▶ **WHAT IS NEEDED**
In the records below, begin at the line that has "(flecha azul) asociada" and stop after the line that has "Fig. 07 - Devices"; quote those lines verbatim and nothing more.

▶ **DATASET RECORDS**
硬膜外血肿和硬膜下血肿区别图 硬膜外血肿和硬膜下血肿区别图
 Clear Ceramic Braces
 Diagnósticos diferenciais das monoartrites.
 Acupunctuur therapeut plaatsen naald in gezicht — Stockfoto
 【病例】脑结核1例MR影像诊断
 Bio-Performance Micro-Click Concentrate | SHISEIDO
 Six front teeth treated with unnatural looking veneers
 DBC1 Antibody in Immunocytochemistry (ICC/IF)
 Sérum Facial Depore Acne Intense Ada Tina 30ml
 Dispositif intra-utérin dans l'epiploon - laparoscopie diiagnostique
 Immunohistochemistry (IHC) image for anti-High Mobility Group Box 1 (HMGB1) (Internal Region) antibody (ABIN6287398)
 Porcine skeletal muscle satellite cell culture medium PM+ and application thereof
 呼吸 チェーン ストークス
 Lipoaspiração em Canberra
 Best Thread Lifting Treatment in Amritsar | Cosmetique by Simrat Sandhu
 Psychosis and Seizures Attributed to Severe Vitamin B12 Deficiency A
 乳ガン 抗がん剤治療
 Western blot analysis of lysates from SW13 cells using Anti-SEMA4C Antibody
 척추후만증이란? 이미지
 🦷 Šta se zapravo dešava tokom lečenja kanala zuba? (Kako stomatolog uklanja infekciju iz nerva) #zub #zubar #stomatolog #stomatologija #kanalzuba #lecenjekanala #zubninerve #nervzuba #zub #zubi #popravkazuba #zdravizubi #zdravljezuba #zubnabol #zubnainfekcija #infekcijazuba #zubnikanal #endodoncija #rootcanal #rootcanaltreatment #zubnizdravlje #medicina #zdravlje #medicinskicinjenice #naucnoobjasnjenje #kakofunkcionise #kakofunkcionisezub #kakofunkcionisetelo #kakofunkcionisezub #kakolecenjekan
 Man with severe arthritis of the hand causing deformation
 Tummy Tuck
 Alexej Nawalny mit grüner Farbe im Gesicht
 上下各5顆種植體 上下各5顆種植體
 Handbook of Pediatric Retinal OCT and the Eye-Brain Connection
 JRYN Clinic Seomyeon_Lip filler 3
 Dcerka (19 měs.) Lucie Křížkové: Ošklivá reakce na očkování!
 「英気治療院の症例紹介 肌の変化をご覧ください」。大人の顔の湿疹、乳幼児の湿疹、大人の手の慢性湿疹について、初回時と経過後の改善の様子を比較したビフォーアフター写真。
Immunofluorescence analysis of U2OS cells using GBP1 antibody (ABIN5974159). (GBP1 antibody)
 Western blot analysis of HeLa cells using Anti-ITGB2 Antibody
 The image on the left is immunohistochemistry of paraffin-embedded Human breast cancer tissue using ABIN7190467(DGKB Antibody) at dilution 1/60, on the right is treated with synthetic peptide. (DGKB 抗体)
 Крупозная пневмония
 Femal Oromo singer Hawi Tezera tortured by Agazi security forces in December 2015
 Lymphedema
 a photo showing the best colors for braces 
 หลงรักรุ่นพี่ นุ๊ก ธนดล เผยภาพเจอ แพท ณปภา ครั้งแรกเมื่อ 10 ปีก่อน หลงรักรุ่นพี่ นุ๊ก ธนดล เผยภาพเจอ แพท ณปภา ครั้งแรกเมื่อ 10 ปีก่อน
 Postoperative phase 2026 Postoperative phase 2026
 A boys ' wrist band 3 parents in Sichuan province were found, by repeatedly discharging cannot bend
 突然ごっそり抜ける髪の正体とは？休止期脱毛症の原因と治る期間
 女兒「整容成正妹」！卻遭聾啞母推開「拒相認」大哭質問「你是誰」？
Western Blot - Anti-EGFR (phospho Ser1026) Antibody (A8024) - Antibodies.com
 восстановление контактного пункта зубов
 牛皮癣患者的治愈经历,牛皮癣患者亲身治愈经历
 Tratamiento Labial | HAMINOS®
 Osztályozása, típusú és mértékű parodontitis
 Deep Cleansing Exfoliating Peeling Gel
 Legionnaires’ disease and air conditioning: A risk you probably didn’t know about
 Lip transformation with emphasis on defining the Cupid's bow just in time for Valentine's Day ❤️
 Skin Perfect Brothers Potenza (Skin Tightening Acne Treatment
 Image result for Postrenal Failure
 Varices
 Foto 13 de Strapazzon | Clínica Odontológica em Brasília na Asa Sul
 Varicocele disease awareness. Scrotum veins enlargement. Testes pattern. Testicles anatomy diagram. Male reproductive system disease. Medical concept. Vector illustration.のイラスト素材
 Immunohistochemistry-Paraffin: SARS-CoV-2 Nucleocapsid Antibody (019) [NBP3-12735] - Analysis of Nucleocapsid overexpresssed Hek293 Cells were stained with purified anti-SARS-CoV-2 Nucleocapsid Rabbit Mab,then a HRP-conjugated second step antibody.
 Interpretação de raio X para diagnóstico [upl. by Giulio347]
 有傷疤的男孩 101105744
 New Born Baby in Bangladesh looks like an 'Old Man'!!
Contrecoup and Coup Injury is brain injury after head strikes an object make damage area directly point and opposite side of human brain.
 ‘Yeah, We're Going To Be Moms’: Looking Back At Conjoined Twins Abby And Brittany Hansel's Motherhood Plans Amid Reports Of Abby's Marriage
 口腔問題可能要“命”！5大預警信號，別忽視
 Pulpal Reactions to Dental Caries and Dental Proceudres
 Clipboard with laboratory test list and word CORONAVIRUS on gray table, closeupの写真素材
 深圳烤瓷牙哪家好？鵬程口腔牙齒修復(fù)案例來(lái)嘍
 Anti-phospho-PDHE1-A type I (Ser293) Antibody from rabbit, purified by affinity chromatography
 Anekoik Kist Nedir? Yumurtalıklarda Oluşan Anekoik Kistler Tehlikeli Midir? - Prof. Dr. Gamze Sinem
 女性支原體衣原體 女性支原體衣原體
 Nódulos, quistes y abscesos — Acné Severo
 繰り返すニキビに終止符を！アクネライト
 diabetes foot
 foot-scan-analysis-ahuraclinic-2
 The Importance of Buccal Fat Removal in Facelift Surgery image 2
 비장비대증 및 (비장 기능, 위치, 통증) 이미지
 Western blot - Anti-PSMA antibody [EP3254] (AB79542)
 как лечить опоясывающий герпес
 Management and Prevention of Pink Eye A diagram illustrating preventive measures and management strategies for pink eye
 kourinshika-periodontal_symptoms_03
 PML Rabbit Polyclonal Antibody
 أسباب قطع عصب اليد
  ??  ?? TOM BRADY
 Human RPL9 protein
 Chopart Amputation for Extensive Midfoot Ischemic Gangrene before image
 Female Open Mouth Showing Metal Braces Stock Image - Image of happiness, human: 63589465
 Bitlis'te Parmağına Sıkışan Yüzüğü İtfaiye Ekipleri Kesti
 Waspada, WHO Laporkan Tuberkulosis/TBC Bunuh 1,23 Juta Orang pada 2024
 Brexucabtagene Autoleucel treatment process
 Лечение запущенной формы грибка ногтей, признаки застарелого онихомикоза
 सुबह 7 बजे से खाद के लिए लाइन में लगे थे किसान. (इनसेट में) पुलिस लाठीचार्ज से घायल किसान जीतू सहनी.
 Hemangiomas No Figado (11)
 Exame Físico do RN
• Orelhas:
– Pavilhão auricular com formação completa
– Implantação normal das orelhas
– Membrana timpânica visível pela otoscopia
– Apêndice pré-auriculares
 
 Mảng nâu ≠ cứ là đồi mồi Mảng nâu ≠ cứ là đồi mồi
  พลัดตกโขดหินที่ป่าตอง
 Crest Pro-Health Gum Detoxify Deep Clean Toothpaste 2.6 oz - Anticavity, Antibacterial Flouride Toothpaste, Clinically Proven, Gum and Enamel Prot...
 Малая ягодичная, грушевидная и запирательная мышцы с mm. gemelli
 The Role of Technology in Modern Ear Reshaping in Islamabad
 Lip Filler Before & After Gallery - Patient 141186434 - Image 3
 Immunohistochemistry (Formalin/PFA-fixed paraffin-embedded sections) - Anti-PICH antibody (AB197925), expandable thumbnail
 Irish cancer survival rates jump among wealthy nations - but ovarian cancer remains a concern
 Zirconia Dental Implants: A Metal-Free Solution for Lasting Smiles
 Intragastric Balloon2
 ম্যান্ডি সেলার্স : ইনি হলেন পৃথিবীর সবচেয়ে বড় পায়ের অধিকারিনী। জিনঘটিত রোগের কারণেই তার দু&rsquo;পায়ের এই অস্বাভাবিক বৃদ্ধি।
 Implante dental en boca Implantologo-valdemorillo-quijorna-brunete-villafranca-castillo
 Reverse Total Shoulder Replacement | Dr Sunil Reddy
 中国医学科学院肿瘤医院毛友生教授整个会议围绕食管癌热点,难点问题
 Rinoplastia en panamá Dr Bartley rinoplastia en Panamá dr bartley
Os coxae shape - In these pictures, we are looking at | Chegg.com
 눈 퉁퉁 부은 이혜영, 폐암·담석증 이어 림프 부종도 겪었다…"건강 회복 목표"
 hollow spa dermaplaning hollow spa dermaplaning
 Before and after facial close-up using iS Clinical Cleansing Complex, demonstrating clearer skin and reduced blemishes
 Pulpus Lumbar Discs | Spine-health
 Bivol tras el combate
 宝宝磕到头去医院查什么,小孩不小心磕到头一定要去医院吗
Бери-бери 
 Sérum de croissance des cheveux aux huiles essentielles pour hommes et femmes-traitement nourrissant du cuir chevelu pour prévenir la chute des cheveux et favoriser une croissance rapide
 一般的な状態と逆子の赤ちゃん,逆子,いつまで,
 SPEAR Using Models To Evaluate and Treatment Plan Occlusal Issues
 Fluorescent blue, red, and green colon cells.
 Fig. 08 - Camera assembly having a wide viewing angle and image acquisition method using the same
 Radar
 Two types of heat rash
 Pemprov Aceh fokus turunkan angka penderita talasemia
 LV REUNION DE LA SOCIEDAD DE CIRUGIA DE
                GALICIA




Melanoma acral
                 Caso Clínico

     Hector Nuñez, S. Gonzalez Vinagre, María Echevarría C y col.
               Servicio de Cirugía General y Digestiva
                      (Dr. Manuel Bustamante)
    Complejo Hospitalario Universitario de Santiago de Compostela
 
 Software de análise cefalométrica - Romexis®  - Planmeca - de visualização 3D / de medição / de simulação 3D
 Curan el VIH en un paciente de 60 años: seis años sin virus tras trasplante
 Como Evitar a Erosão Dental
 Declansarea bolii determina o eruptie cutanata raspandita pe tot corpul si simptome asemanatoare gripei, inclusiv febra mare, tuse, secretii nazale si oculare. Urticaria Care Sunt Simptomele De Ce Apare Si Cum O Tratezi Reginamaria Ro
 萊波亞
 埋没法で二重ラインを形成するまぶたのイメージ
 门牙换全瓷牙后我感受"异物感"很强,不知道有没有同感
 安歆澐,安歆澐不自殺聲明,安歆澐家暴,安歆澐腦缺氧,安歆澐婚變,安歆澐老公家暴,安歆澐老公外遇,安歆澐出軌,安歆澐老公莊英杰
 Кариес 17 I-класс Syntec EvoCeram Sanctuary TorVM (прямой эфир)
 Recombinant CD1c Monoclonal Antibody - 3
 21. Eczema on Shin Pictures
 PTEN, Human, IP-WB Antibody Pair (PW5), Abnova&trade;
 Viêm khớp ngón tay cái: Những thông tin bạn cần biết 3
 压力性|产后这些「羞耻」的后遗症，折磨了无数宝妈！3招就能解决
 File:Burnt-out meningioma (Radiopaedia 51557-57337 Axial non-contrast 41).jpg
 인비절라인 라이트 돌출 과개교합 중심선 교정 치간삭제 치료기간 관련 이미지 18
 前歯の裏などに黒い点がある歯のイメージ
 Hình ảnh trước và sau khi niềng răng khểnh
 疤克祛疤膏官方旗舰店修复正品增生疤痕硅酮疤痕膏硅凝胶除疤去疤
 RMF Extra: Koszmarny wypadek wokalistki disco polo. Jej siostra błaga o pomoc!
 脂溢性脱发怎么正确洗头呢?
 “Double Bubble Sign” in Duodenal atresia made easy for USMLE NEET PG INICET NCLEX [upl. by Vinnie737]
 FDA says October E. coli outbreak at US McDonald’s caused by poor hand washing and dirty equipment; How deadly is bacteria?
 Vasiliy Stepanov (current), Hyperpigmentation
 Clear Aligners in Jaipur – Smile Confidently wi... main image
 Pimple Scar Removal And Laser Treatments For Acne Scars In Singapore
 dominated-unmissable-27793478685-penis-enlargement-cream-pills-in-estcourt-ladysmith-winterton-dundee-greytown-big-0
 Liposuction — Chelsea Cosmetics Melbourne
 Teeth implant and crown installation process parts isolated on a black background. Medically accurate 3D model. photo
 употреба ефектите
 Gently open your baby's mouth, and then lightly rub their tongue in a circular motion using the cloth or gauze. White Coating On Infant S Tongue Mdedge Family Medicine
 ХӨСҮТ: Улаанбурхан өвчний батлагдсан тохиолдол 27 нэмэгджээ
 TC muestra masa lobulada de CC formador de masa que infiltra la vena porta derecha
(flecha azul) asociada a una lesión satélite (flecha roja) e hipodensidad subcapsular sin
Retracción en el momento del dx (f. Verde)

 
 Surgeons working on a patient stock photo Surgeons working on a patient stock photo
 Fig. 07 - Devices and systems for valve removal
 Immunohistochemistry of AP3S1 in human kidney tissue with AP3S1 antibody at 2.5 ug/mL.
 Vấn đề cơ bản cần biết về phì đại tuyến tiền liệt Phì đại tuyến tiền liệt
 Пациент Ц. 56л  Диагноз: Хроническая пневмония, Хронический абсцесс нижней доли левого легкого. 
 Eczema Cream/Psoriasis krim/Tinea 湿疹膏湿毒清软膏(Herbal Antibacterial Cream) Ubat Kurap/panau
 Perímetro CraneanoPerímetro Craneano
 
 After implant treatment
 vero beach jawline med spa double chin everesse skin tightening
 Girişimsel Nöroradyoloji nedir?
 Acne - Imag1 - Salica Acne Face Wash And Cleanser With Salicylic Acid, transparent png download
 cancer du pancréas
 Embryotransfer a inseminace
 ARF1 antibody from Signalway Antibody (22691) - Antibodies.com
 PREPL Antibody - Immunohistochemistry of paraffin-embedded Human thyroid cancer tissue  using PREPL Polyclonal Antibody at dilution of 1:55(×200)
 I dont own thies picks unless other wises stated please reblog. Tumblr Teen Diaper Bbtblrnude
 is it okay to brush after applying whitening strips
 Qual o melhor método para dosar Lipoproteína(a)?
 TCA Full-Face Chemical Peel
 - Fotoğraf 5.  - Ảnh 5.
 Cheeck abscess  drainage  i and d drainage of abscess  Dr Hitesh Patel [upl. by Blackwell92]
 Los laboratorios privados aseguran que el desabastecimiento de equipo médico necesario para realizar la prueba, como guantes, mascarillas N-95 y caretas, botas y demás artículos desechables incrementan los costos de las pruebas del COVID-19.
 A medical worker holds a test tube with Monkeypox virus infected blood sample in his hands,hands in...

▶ **OUTPUT OF THE TASK**
(flecha azul) asociada a una lesión satélite (flecha roja) e hipodensidad subcapsular sin
Retracción en el momento del dx (f. Verde)

 
 Surgeons working on a patient stock photo Surgeons working on a patient stock photo
 Fig. 07 - Devices and systems for valve removal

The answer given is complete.